AVAILABLE DATA START

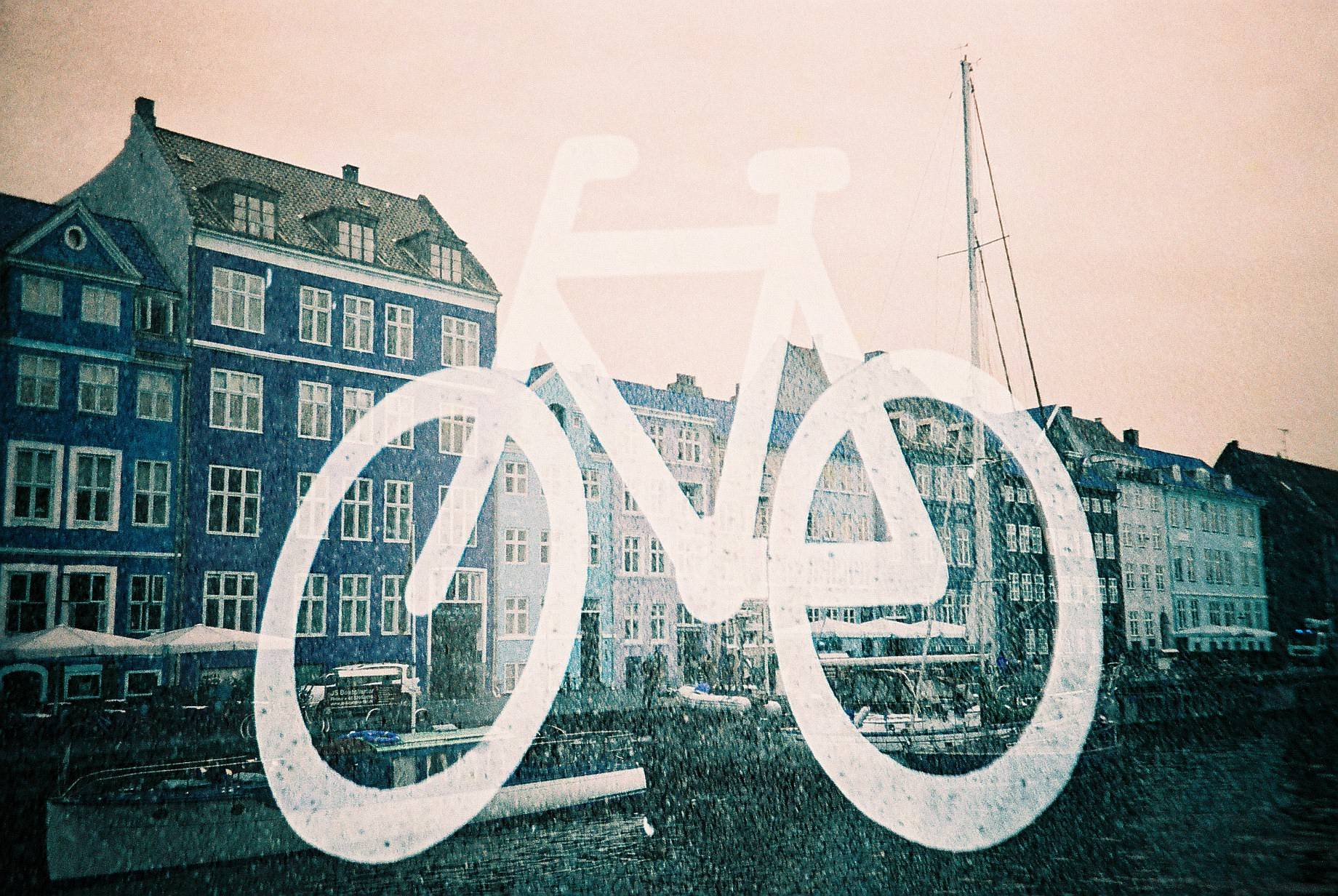 Photos by lomoherz, evi_g and halotuewelina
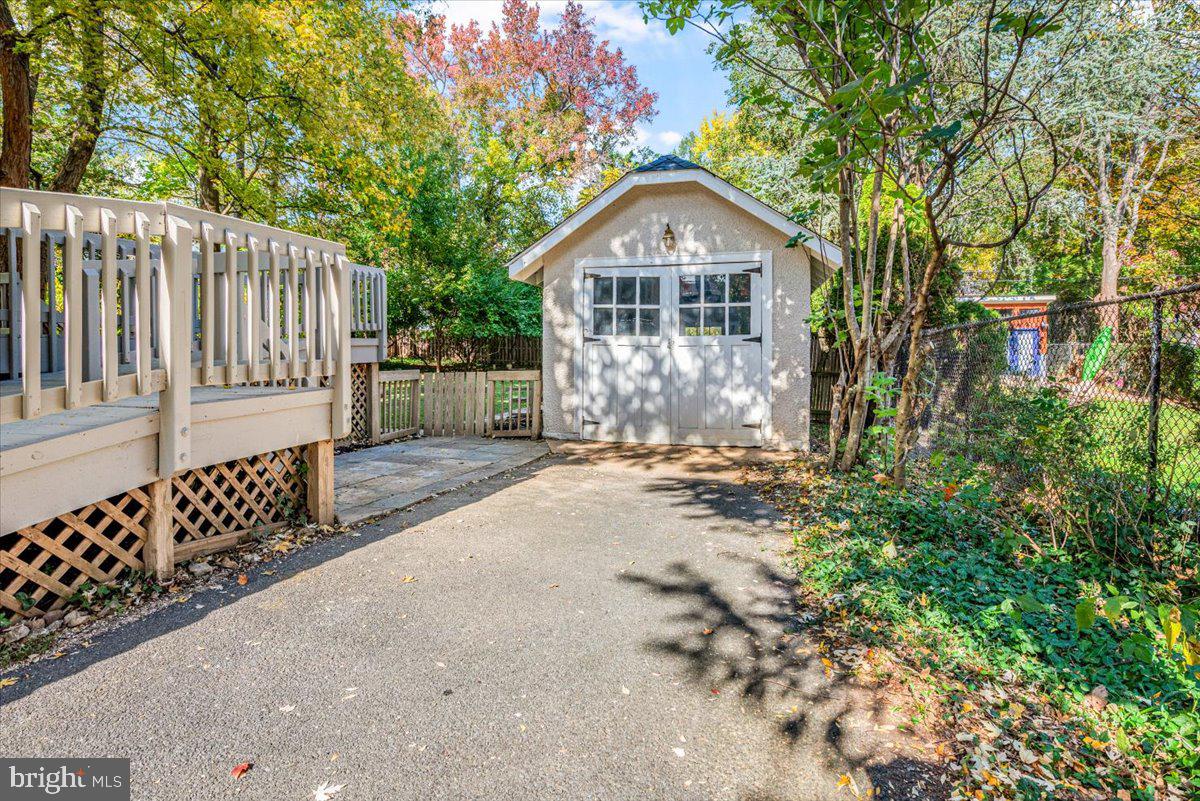 4937 BRANDYWINE ST NW, WASHINGTON, District Of Columbia 20016, 5 Bedrooms Bedrooms, ,3 BathroomsBathrooms,Residential,For sale,4937 BRANDYWINE ST NW,DCDC2228382 MLS # DCDC2228382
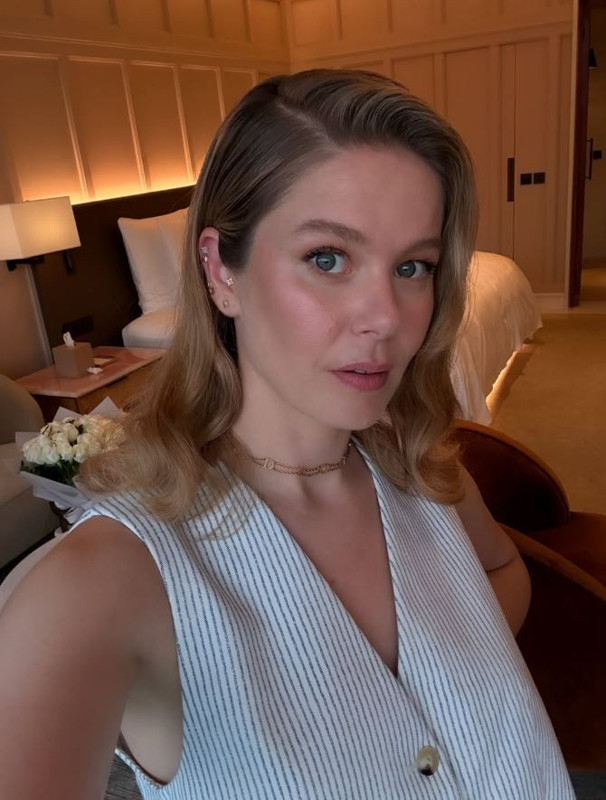 Burcu Biricik İstanbul'u terk edip oraya yerleşti! Yaptığı yeni iş herkesi şaşırttı - Resim: 6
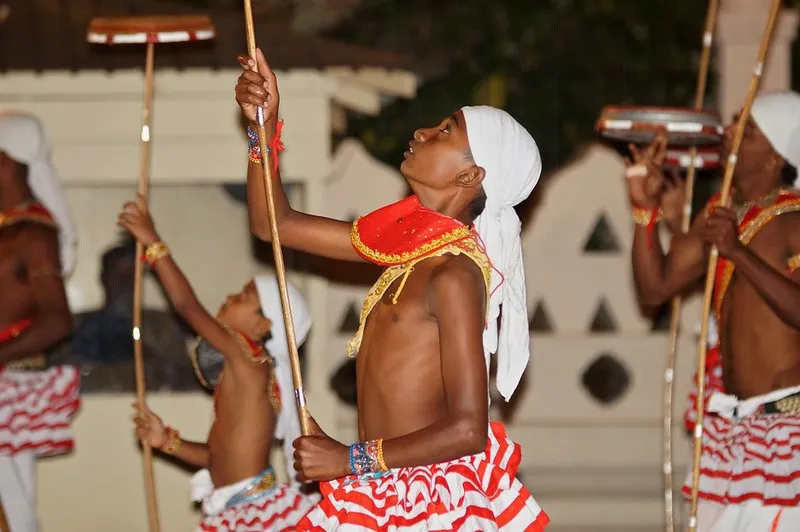 Sri Lanka | Festiwal Esala Perahera (poświęcony relikwii zęba Buddy)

AVAILABLE DATA END

The response is to contain exactly the lines from the beginning of the data through the line containing "Burcu Biricik İstanbul'u", both ends included, and nothing else; omit the pictures.

THE COMPLETED TASK
 Photos by lomoherz, evi_g and halotuewelina
 4937 BRANDYWINE ST NW, WASHINGTON, District Of Columbia 20016, 5 Bedrooms Bedrooms, ,3 BathroomsBathrooms,Residential,For sale,4937 BRANDYWINE ST NW,DCDC2228382 MLS # DCDC2228382
 Burcu Biricik İstanbul'u terk edip oraya yerleşti! Yaptığı yeni iş herkesi şaşırttı - Resim: 6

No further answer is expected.